* SOURCE MATERIAL:
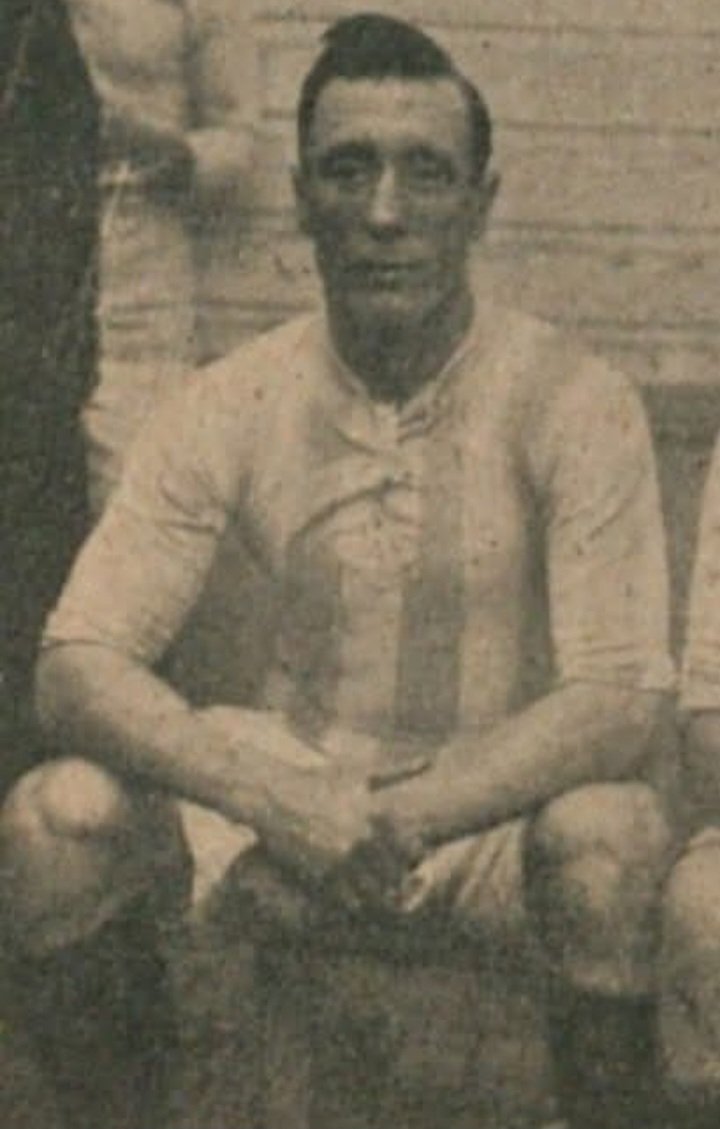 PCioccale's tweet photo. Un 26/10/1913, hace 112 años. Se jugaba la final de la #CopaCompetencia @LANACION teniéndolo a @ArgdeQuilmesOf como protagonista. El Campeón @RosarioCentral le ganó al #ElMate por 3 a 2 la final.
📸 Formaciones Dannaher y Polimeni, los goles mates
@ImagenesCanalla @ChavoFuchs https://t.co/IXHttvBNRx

* EXERCISE OBJECTIVE: Up to and including the final line of the data above, please copy every line exactly, starting from the one that contains "los goles mates".

* YOUR SOLUTION:
📸 Formaciones Dannaher y Polimeni, los goles mates
@ImagenesCanalla @ChavoFuchs https://t.co/IXHttvBNRx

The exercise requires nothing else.